Amen Brian...When Father Greek and I attend a seminar we will both go down a few times after that we will go to the point of dropping each other and stop..This growing old is a pain..


----------



## Brian R. VanCise (Oct 24, 2006)

When I have an injury and cannot fall then that is definately the way to go.  No need to hurt yourself more.


----------



## Drac (Oct 24, 2006)

You outta see us after a Dan-Bong class..


----------



## zDom (Oct 25, 2006)

Brad Dunne said:


> Do you feel that folks can/should continue Hapkido training if they can't or should not do breakfalls any longer? Now the second question, if you said yes they should continue, then how or what would you modify for them to continue their training?



Yea, there are ways to work around for someone like that as mentioned above.

The modifications would be: they are not to fall or be used by a partner for "fits" as there is the risk of an unintentional throw (partner takes fit too far, loses control, drops them by accident).

This, of course, requires partnering them up with someone who is willing to be fitted/thrown without having a turn at fitting/throwing them back.

IMO, this is really only an option for someone who already has a vested interest in hapkido. That is, they have already been thrown in the past, which is kind of implied in the way you stated the scenario ("can't or should not do breakfalls *any longer*").
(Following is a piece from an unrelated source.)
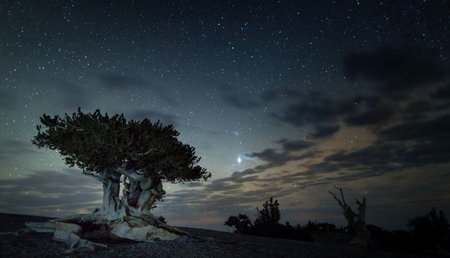 Stars Above Ancient Bristlecone Pine, Great Basin National Parkの写真素材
As for a new student who is unable to fall? Well, I would probably advise them to take another martial art that doesn't require breakfalling.
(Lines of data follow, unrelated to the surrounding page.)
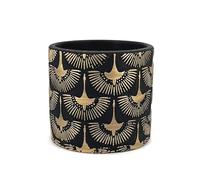 Élégant pot pour orchidées en terre cuite avec phéniciens dorés | noir et or | diamètre 14 cm, hauteur 13 cm | pot décoratif pour plantes succulentes, fleurs et bonsaï Miniatures | Pot d'intérieur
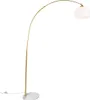 Smarte Bogenlampe aus Messing mit Weißem Schirm inkl  WLAN Produktbild-Vorschau 1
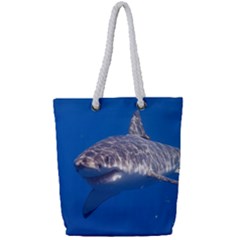 GREAT WHITE SHARK 5 Full Print Rope Handle Tote (Small)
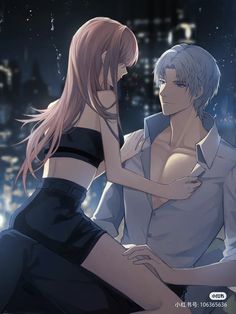 an anime scene with two people standing next to each other and one person holding his arm around the woman's shoulder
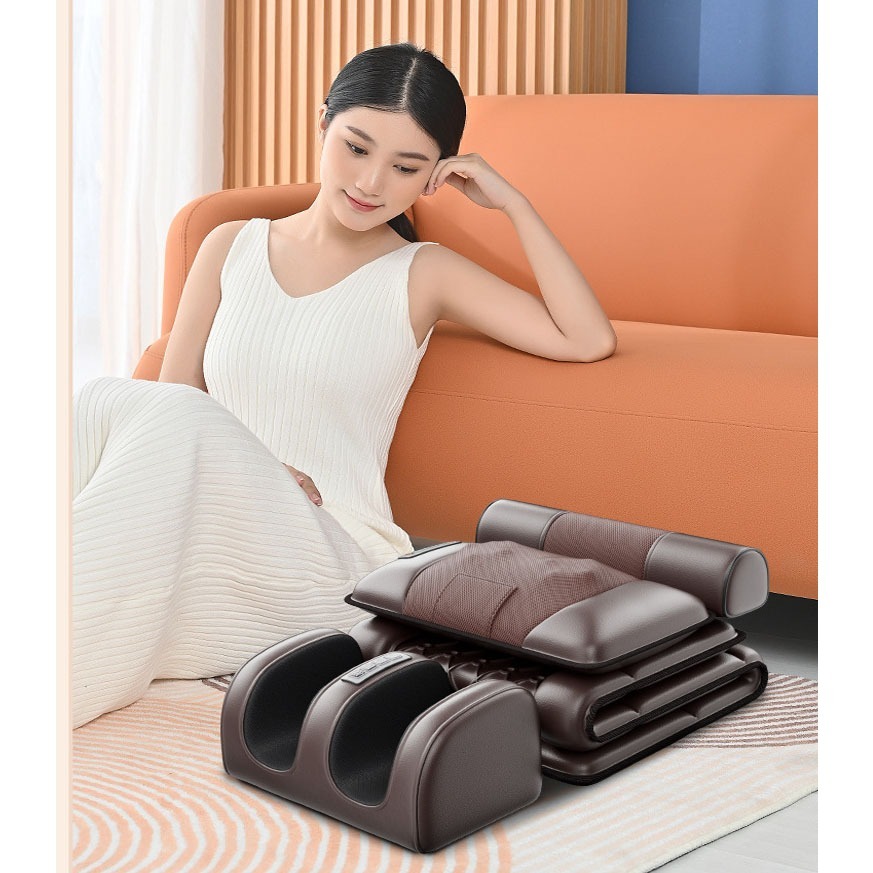 Nệm Massage toàn thân MeXI kèm đệm massage chân 12 điểm, thảm ghế mát xa rung, làm ấm, hồi phục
It is important in learning throws to experience being thrown, IMO, and not fair to other students to let someone new come in and throw them around without doing some falling of their own.

We have two students I worked out with for many years, one a brown belt and the other a red belt, who I would be quite willing to let throw me around without taking any falls for me because neither is able to fall anymore (one due to a back problem, the other due to a neck problem).
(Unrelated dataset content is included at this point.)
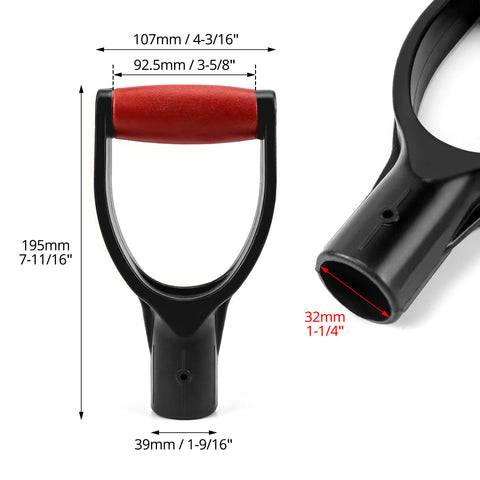 QWORK spade handle compatible with shovels, forks, and snow pushers.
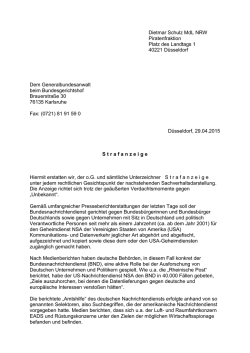 Strafanzeige als pdf - Piratenfraktion im Landtag NRW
Even though they are unable to fall, I really wish they would come back -- they have so much invested and I would like to see them at least get chodan. What I would really like is for them to just continue on and work around not being able to fall. Sad to see them drop out like that


----------



## Drac (Oct 25, 2006)

zDom said:


> We have two students I worked out with for many years, one a brown belt and the other a red belt, who I would be quite willing to let throw me around without taking any falls for me because neither is able to fall anymore (one due to a back problem, the other due to a neck problem).
> 
> Even though they are unable to fall, I really wish they would come back -- they have so much invested and I would like to see them at least get chodan. What I would really like is for them to just continue on and work around not being able to fall. Sad to see them drop out like that


 
ALL teachers should have your compassion zDom..Give these students a call and TELL THEM what you told us..Sometime hearing it from a teacher makes a world of difference..


----------



## matt.m (Oct 25, 2006)

I retired from judo 1st and hapkido 2nd and most recently due to the inability to do the cirriculum.  I do not think it fair or expect others to make exception for me in that regard.  Sorry, just my personal opinion.

I think that if I cannot pass the test like everyone else then why should I expect to test?


----------



## Paul B (Oct 25, 2006)

Good thread guys!

For myself I would say that the Art serves the individual,not the other way around.

If someone cannot take the falls..well they can't. I don't think that is any reason to hold them back..nor is it a reason for them to feel bad if they physically cannot perform Nauk Bup. 

Like Matt and Zdom touched on..let the people go to town at throwing others around. 

We're all supposed to be helping each other grow and learn to our full potential in the Dojang anyway. How can we help people achieve that goal by saying.."Hawp..well..you physically can't do that so you can't study Hapkido?" Do the best ya can with what ya got,no?

Bah. 

For all those that are unwilling,but not unable to learn Nauk Bup..I say more Nauk Bup.


----------



## zDom (Oct 25, 2006)

Drac said:


> ALL teachers should have your compassion zDom..Give these students a call and TELL THEM what you told us..Sometime hearing it from a teacher makes a world of difference..



Well, I'm not their instructor. But I HAVE encouraged them to come back when they come hang out with us in social situations, which they still do.

The brown belt actually did come back for a upper belt workout, resolved to do what he can. But then work got busy...or at least that's what he reportedly said. I hope that really is it and he does come back.


----------